Bradley Palmer State Park is a 721-acre reservation and estate set among the rhododendrons, white pines and meadows of Hamilton and Topsfield, nestled between Willowdale State Forest and the Ipswich River Wildlife Sanctuary. The park’s namesake was a turn-of-the century Boston lawyer who represented the likes of the United Fruit Company, State Street Trust, the Gillette Safety Razor Company and President Woodrow Wilson. Over the years, Mr. Palmer acquired a great deal of real estate in the Essex County area, including the mansion in Topsfield that today bears his name. Willowdale LLC could have used a lawyer like Mr. Palmer before opening a bed and breakfast at the Palmer Mansion in 1999.
Willowdale opened the B & B after leasing the historic Palmer Mansion (and six surrounding acres) from the Massachusetts Department of Environmental Management (now the Department of Conservation and Recreation) as part of an historic curatorship legislative program developed to preserve unused, historic properties through public-private partnerships. Under the 50-year lease, Willowdale was responsible for the payment of all real estate taxes, if and when assessed. The lease also charged Willowdale with the responsibility of maintaining and preserving the property, but allowed it to deduct any monies spent on upkeep and maintenance from the rent payments.
Upon the completion of renovations, Willowdale began operating a for-profit conference center and B & B – uses expressly contemplated and permitted under the terms of the lease – out of Palmer Mansion. Although Willowdale conducted free public tours of the interior of the mansion and held free community events on occasion, the interior of the mansion was otherwise accessible only to paying customers.

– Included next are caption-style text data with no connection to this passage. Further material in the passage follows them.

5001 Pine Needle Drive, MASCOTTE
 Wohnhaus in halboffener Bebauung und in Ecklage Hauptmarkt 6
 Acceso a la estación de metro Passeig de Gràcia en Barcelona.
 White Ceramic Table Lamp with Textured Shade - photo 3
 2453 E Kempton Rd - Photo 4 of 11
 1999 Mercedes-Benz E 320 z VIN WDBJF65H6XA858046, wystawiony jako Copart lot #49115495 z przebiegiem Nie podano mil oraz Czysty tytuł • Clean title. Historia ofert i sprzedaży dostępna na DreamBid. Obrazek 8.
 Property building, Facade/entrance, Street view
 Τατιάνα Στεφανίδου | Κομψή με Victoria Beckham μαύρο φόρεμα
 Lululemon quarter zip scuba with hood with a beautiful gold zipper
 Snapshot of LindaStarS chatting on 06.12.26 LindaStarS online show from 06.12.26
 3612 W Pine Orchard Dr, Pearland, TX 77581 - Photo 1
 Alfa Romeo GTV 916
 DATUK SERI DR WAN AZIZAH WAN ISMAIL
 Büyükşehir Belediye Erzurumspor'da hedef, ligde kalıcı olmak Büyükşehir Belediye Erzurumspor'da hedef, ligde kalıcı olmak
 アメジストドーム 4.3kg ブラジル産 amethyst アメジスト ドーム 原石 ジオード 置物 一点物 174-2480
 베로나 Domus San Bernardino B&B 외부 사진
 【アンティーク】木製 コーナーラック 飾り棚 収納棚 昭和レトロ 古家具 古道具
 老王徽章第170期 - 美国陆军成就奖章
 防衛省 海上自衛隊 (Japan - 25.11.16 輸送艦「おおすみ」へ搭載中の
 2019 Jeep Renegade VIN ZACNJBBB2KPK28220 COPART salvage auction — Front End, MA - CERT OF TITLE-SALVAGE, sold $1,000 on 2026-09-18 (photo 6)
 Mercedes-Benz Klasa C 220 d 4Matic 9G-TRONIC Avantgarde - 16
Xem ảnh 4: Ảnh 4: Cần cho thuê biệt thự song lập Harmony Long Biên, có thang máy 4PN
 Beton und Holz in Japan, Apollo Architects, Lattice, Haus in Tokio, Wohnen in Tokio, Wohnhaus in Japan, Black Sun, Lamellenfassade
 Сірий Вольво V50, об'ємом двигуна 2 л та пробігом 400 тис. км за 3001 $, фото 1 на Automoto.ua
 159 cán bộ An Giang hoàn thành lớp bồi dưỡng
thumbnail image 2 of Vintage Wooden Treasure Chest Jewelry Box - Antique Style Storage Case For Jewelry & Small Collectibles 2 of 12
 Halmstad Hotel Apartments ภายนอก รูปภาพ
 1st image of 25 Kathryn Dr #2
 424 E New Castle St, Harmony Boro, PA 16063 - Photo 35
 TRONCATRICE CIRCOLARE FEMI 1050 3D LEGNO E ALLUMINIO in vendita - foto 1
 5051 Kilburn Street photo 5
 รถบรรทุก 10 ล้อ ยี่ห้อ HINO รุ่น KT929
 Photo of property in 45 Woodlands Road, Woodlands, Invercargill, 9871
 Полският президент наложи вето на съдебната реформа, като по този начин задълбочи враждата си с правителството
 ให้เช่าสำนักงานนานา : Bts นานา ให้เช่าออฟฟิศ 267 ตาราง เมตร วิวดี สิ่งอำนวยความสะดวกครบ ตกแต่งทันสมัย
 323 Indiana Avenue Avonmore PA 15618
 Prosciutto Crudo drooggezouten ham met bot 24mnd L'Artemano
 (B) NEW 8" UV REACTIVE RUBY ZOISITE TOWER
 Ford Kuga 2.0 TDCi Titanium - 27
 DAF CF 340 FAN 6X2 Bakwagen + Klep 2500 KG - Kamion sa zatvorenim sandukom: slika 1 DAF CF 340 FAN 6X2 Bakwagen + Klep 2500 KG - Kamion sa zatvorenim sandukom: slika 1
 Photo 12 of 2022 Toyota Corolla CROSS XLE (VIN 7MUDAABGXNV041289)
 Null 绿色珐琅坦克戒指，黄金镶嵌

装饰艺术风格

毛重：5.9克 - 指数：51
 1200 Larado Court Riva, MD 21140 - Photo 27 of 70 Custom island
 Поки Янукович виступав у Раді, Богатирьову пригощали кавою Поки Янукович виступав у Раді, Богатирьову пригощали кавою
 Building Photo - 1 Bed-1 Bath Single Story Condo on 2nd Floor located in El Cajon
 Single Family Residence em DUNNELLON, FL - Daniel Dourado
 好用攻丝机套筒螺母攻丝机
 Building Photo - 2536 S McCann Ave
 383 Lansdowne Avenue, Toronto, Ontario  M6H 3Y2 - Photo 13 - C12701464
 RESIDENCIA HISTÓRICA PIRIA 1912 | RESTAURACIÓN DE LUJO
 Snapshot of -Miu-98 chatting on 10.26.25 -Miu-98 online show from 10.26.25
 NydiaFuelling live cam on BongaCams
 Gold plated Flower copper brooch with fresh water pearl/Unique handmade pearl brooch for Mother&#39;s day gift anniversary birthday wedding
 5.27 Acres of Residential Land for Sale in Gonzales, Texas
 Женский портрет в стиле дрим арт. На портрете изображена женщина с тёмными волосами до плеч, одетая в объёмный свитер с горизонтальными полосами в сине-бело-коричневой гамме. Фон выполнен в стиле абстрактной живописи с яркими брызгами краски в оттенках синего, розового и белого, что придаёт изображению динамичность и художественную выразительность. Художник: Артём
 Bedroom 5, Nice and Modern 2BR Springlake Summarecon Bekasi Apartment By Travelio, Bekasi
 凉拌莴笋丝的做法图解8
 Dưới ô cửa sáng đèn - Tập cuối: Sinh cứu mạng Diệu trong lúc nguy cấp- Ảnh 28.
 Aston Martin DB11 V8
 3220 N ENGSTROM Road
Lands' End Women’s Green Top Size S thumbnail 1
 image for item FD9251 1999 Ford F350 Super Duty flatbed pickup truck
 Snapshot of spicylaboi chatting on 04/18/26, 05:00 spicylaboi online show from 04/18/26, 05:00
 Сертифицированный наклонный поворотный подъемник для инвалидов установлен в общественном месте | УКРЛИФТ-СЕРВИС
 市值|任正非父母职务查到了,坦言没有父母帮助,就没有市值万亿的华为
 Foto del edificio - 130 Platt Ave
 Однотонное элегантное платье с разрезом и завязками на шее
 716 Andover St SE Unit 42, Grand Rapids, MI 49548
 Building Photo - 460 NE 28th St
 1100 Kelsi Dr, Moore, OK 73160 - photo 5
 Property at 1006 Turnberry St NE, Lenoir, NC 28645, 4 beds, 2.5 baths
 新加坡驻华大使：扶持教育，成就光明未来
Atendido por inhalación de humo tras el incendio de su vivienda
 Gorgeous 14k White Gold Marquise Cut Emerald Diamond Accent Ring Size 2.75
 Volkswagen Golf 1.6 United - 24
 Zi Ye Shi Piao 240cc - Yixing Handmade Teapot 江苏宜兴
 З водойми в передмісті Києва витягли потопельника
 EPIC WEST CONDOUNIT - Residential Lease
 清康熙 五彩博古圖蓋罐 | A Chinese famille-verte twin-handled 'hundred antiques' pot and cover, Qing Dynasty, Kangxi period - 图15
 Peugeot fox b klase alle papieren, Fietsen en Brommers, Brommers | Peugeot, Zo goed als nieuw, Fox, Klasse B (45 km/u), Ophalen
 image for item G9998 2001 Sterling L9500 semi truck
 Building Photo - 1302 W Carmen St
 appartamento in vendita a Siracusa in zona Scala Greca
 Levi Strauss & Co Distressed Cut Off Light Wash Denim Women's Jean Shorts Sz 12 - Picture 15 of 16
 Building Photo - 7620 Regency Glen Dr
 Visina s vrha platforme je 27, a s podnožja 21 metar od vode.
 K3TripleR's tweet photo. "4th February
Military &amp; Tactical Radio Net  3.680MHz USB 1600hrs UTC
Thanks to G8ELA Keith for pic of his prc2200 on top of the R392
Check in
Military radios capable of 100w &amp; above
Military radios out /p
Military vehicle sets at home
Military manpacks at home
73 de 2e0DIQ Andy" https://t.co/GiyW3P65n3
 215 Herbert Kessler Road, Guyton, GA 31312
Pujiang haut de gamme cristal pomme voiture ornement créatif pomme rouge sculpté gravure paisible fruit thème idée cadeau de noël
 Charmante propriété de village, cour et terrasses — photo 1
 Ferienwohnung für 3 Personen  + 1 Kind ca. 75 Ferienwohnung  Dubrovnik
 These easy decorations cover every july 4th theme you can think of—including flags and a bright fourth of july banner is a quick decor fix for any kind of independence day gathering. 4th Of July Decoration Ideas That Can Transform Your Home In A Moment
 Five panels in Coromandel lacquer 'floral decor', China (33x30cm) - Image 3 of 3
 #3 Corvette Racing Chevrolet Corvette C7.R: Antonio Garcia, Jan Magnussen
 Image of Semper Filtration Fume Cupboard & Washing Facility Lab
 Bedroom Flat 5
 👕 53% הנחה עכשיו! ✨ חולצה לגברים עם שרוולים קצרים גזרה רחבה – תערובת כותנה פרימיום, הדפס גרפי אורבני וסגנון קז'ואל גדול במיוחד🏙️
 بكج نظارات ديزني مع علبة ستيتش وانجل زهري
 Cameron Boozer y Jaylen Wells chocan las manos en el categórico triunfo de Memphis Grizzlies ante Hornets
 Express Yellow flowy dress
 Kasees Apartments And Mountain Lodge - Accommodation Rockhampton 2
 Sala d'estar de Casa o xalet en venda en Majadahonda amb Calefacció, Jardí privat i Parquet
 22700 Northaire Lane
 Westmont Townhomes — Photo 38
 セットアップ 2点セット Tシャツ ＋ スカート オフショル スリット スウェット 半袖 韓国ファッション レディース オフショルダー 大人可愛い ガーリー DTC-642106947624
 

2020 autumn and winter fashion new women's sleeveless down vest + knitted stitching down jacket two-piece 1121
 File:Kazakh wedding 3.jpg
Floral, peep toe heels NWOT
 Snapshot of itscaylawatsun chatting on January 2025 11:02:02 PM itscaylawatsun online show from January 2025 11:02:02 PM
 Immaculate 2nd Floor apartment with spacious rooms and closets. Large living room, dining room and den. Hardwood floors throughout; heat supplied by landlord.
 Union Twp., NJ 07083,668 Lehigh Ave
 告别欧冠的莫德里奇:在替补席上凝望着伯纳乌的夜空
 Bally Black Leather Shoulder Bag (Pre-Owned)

The Topsfield Board of Assessors assessed Willowdale with real estate taxes for the 2007 and 2008 tax years. Willowdale paid the taxes, but applied to the Board for an abatement, claiming entitlement to a tax exemption for the leased property on the grounds that operation of its business was “reasonably necessary to the public purpose of … a park, which is available to the use of the general public.” M.G.L. c. 59, § 2B. Willowdale theorized that income from the business was necessary to maintain and use the historic structure. The Board of Assessors rejected Willowdale’s “reasonably necessary” argument and denied the abatement. The Board also held that the leased portion of the property (6 of 721 acres) was not itself a “park” and, thus, did not qualify for an exemption under any circumstances. Noting the lofty burden of proof facing a taxpayer claiming an exemption, the State’s Appellate Tax Board affirmed. Willowdale then sought relief in the Appeals Court.
In affirming the Appellate Tax Board’s decision, the Appeals Court noted that entitlement to a tax exemption must be clear and unmistakable. For two reasons, no such entitlement was recognizable here. First, the public’s use of the remainder of the State Park was in no way contingent upon or affected by the presence of Willowdale’s operations at the mansion. Second, the interior of the leased portion of the property was primarily available only to paying customers of Willowdale’s for-profit business, effectively removing such portion from the definition of a “park” within the meaning of M.G.L. c. 59, § 2B. As the Appeals Court wrote: “Willowdale confuses what is reasonably necessary to the maintenance and use of the mansion as a historic property with what is reasonably necessary to the public purpose of a park available to the use of the general public.”
The decision stands as a helpful tool to those seeking to enjoy the otherwise favorable terms of long-term leases offered by the Commonwealth, as well as to the communities where such historic properties are located.